→ What the task requires:
Beginning with the line that contains "ดิสก์เบรกหลัง / ดิสก์เบรคหลัง", write out each remaining line of the records below exactly. Do not copy any picture.

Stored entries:
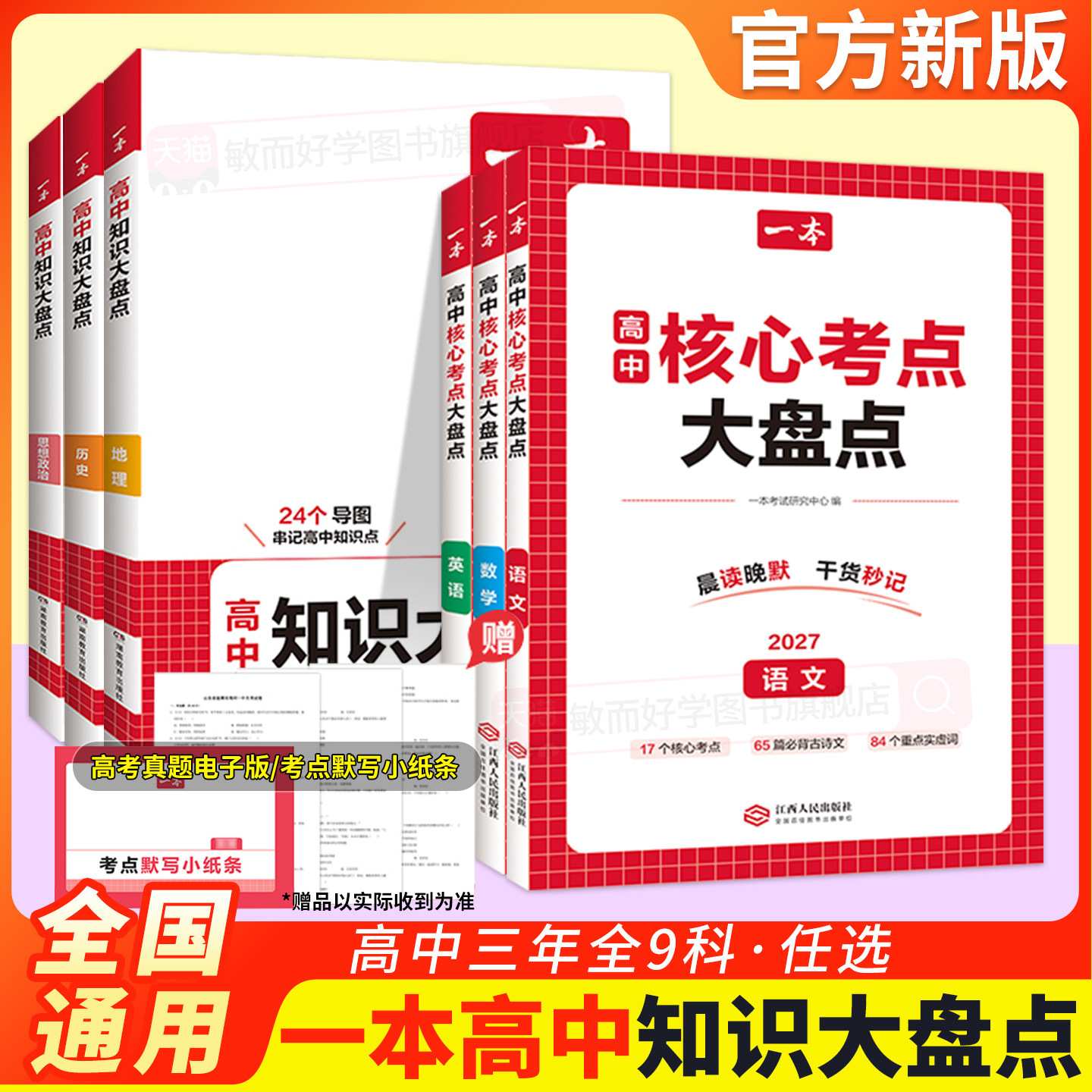 26新版速发！高中知识大盘点全套图片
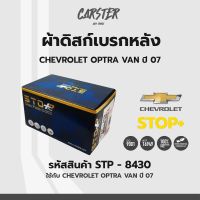 ดิสก์เบรกหลัง / ดิสก์เบรคหลัง / ผ้าเบรคหลัง CHEVROLET OPTRA VAN ปี07 รหัส STP8430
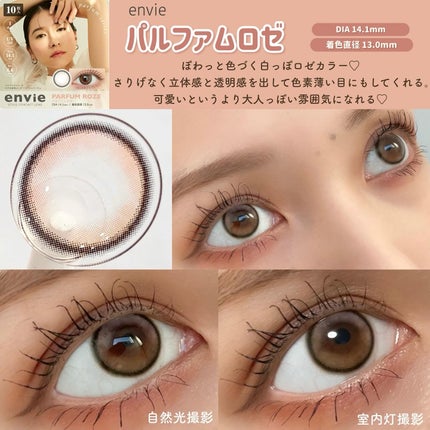 envie 1day/envie/ワンデー(1DAY)カラコンを使ったクチコミ(2枚目)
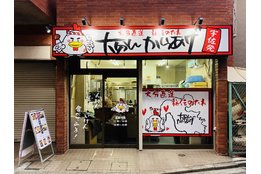 宇佐からあげ「たかだ屋」_model2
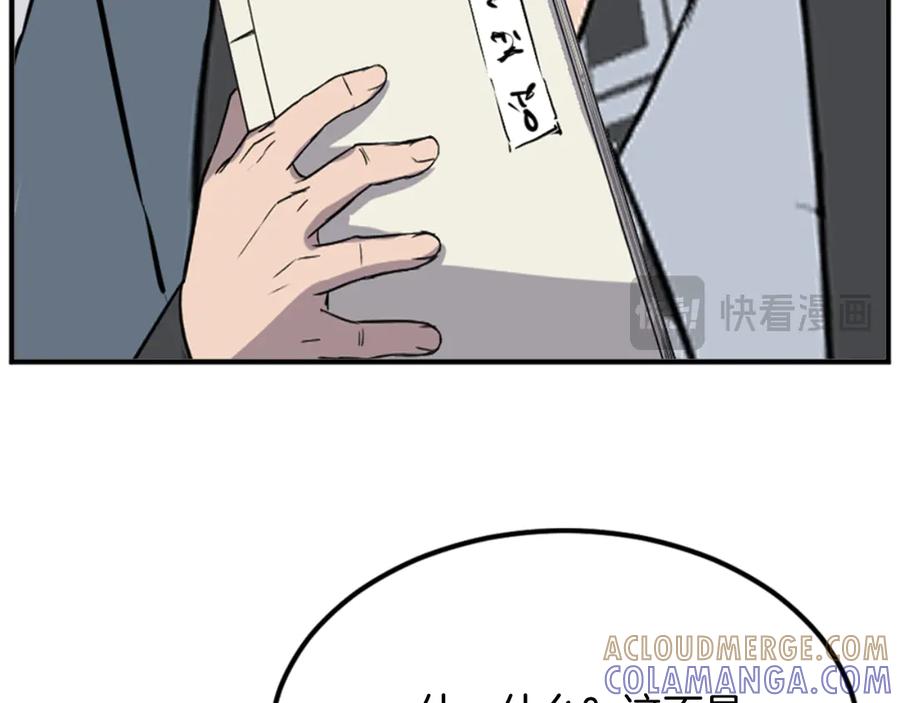 《重生不死尊》第156话 闭关 第165页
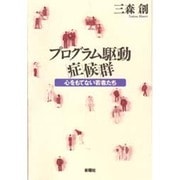 プログラム駆動症候群―心をもてない若者たち [単行本]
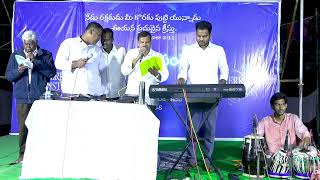 Khushi Khushi Mujko Mili Song  Hebron Gospel Songs  Hebron Songs  Telugu Gospel Songs [upl. by Turne]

→ Task answer:
 ดิสก์เบรกหลัง / ดิสก์เบรคหลัง / ผ้าเบรคหลัง CHEVROLET OPTRA VAN ปี07 รหัส STP8430
 envie 1day/envie/ワンデー(1DAY)カラコンを使ったクチコミ(2枚目)
 宇佐からあげ「たかだ屋」_model2
 《重生不死尊》第156话 闭关 第165页
 プログラム駆動症候群―心をもてない若者たち [単行本]
 Khushi Khushi Mujko Mili Song  Hebron Gospel Songs  Hebron Songs  Telugu Gospel Songs [upl. by Turne]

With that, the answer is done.